- [PROBLEM STATEMENT]
Repeat the listing below word for word, minus the pictures.

- [COLLECTED DATA]
◇ ◇ ◇ ◇ ◇ ◇ ◇

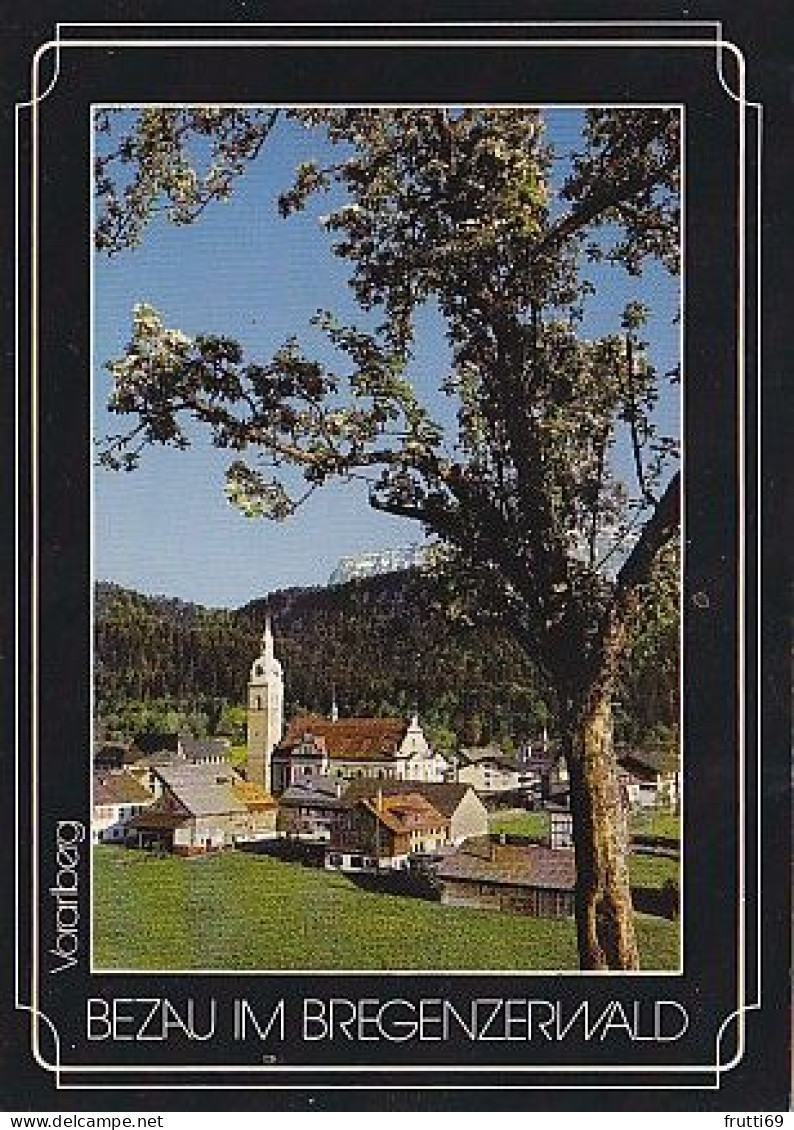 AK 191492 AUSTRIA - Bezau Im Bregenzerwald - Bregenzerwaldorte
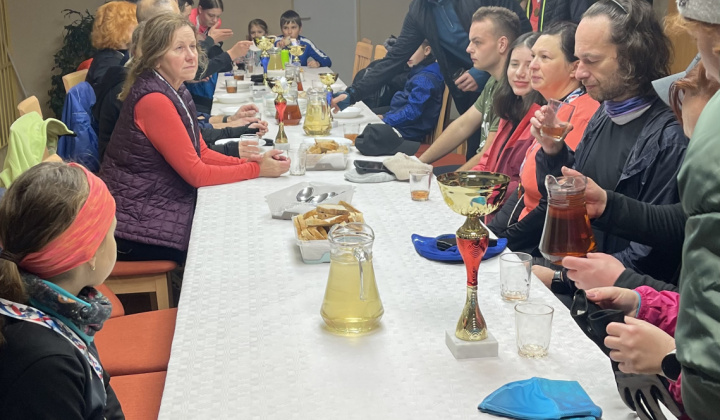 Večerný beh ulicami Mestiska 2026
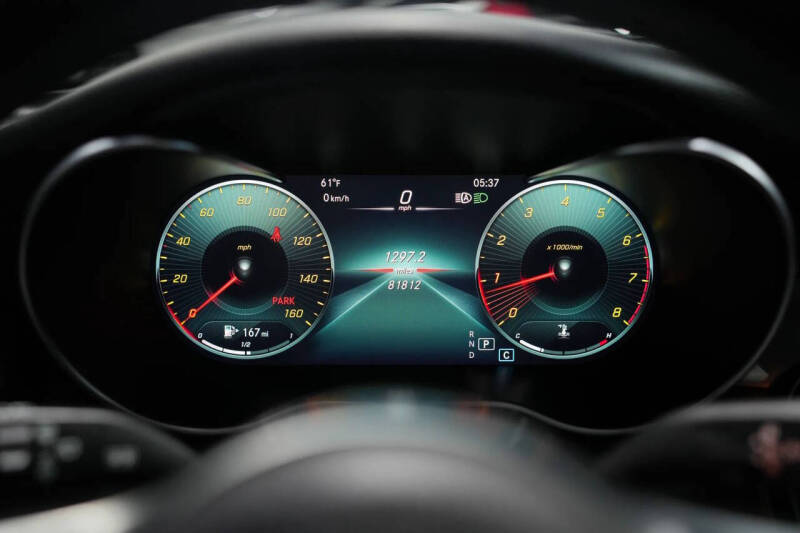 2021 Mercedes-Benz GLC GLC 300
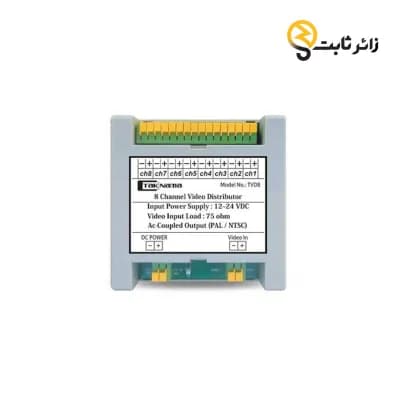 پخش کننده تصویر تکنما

◇ ◇ ◇ ◇ ◇ ◇ ◇

- [RESPONSE TO THE EXERCISE]
 AK 191492 AUSTRIA - Bezau Im Bregenzerwald - Bregenzerwaldorte
 Večerný beh ulicami Mestiska 2026
 2021 Mercedes-Benz GLC GLC 300
 پخش کننده تصویر تکنما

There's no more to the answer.